20.1. Script or function?

Suppose you have some task, perhaps one requiring a handful of commands in order to complete. A script is a convenient way of packaging those commands together. Rather than typing the commands manually, you paste them into a script and PowerShell runs them in order whenever you run that script. Following best practices, you’d give that script a cmdlet-like name, such as Set-ServerConfiguration.ps1 or Get-ClientInventory.ps1. Think of a script as a “canned” PowerShell session. Instead of manually typing 10 or 100 commands, you put the same commands in a script and execute the script like a twenty-first-century batch file.

There may come a time when you assemble a collection of such scripts, particularly scripts that contain commands that you want to use within other scripts. For example, you might write a script that checks to see whether a given server is online and responding—a task you might want to complete before trying to connect to the server to perform some management activity. Or you might write a script that saves information to a log file—you can certainly imagine how useful that could be in a wide variety of other scripts. When you reach that point, you’ll be ready to start turning your scripts into functions. A function is a wrapper around a set of commands, created in such a way that multiple functions can be listed within a single script file. That way, you can use all of your so-called utility functions more easily, simply by loading their script into memory first. Eventually, you’ll be creating modules that are autoloaded by PowerShell when you start a session; we’ll cover that in chapter 25.

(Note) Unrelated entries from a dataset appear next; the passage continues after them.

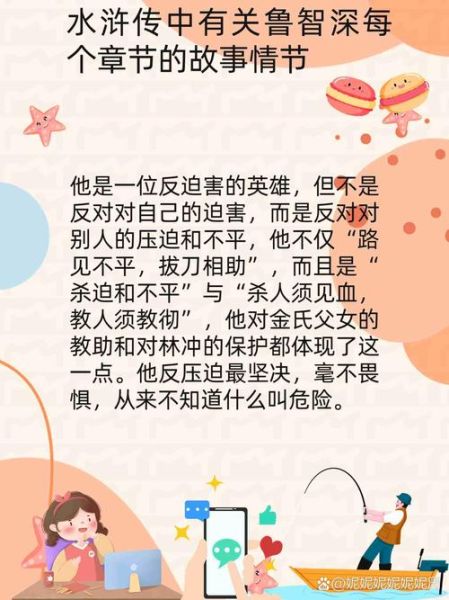 施耐庵的生肖属相（施耐庵属什么生肖？真相在此）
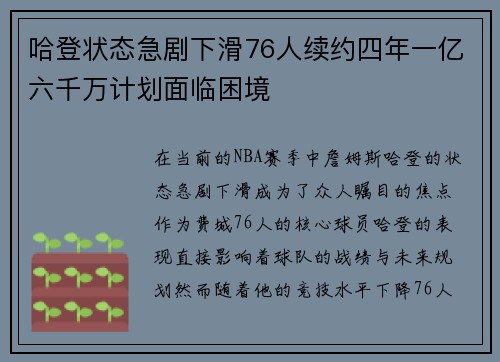 哈登状态急剧下滑76人续约四年一亿六千万计划面临困境
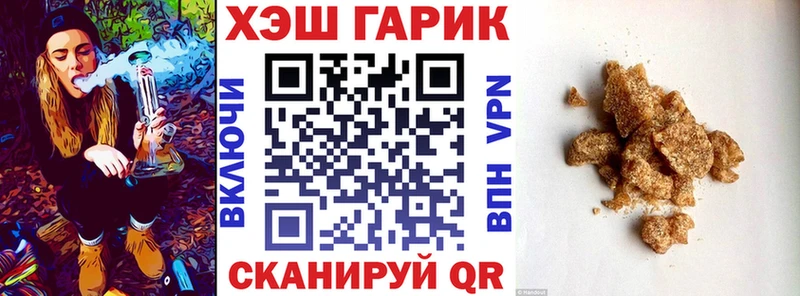 Гашиш Premium Дегтярск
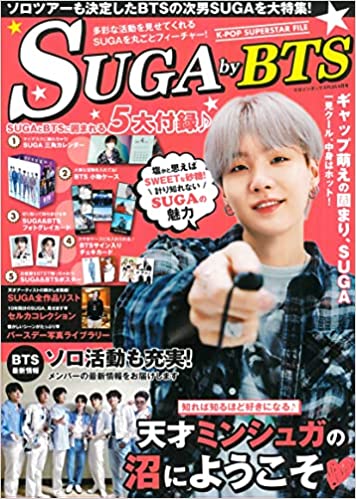 SUGA - K-Pop SUPERSTAR FILE (Japanese Magazine)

In this chapter, we’re going to start by doing everything in a script first. At the end, we’ll show you how to take what you’ve done and turn your PowerShell commands into a function with just a couple of extra lines of code. We’ll also show you how to run the function once you’ve created it.

20.2. Execution lifecycle and scope

The first thing to remember about scripts is that they generally run with their own scope. We’ll discuss that in more detail in chapter 22, but for now you should understand that when you do certain things within a script, those things automatically disappear when the script is finished:

· Creating a new PSDrive

· Creating new variables or assigning values to variables (which implicitly creates the variables)

· Defining new aliases

· Defining functions (which we’ll get to toward the end of this chapter)

Variables can be especially tricky. If you attempt to access the contents of a variable that hasn’t yet been created and assigned a value, PowerShell will look to see whether that variable exists in the shell itself. If it does, that’s what your script will be reading—although if you change that variable, your script will essentially be creating a new variable with the same name. It gets confusing. We do have a complete discussion of this “scope” concept in chapter 22; for now, we’re going to follow best practices and avoid the problem entirely by never attempting to use a variable that hasn’t first been created and given a value inside our script.

20.3. Starting point: a command

You don’t often sit down and just start creating scripts. Usually, you start with a problem you want to solve. The first step is to experiment with running commands in the shell console. The benefit of this approach is that you can type something, press Enter, and immediately see the results. If you don’t like those results, you can press the up arrow on your keyboard, modify the command, and try again. Once the command is working perfectly, you’re ready to move it into a script. For this chapter, let’s start with the following command:

Get-WmiObject –Class Win32_LogicalDisk –Filter "DriveType=3"

-ComputerName SERVER2 |

Select-Object –Property DeviceID,@{Name='ComputerName';

Expression={$_.PSComputerName}},Size,FreeSpace

This command uses WMI to retrieve all instances of the Win32_LogicalDisk class from a given computer. It limits the results to drives having a DriveType of 3, which specifies local, fixed disks.

Note

PSComputerName is a property introduced in PowerShell v3 to store the name of the remote computer against which the command was run. You can use the __Server property if you prefer. We recommend using PSComputerName because it’s easier to understand and for consistency (__Server isn’t available on the CIM cmdlets). Otherwise, you have to check each class and see if it has another property that’ll return the computer name.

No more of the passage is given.